▶ INSTRUCTIONS FOR THE TASK
Please transcribe exactly the lines from the first line of the records below through the line containing "a very tall sunflower", including both, and omit all pictures.

▶ DATA SUPPLIED

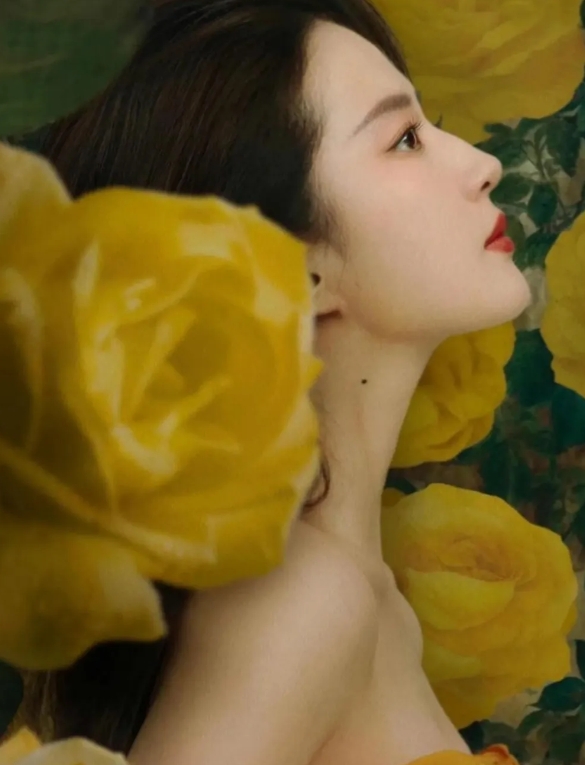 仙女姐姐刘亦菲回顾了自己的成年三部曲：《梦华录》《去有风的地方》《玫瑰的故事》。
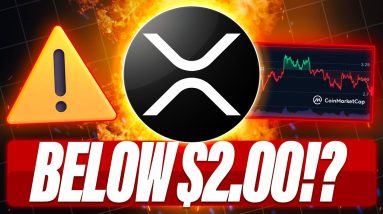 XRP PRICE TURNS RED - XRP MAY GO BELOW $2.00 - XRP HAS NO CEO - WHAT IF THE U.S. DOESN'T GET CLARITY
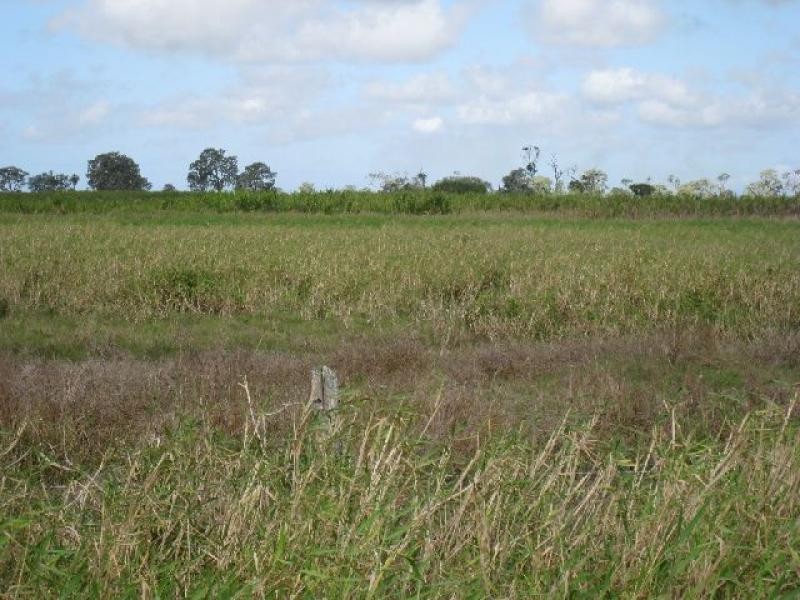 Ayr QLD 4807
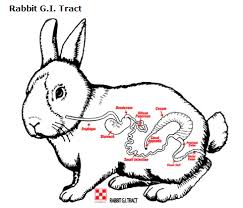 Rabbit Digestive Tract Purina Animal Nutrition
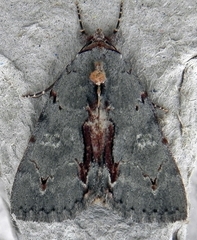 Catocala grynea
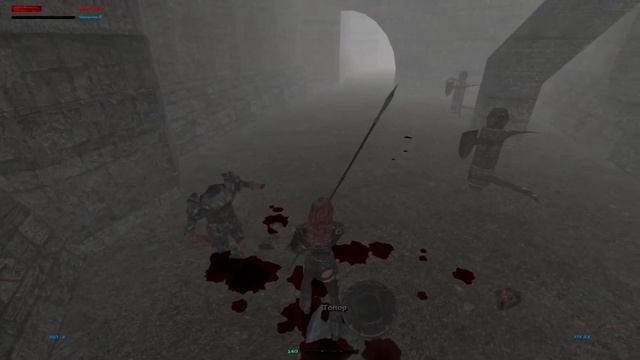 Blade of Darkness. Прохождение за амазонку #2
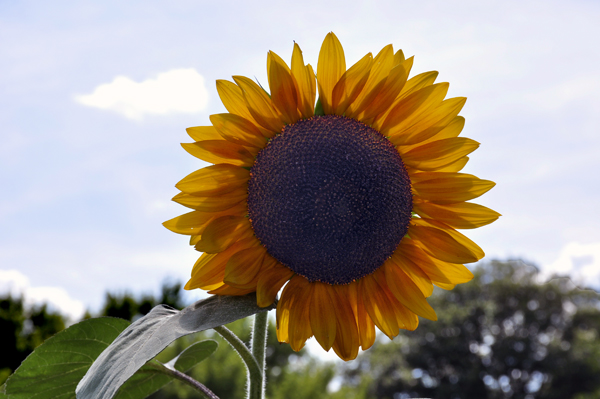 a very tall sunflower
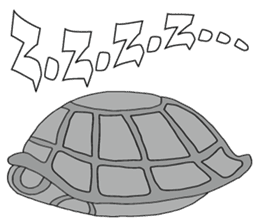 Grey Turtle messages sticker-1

▶ SOLUTION BELOW
 仙女姐姐刘亦菲回顾了自己的成年三部曲：《梦华录》《去有风的地方》《玫瑰的故事》。
 XRP PRICE TURNS RED - XRP MAY GO BELOW $2.00 - XRP HAS NO CEO - WHAT IF THE U.S. DOESN'T GET CLARITY
 Ayr QLD 4807
 Rabbit Digestive Tract Purina Animal Nutrition
 Catocala grynea
 Blade of Darkness. Прохождение за амазонку #2
 a very tall sunflower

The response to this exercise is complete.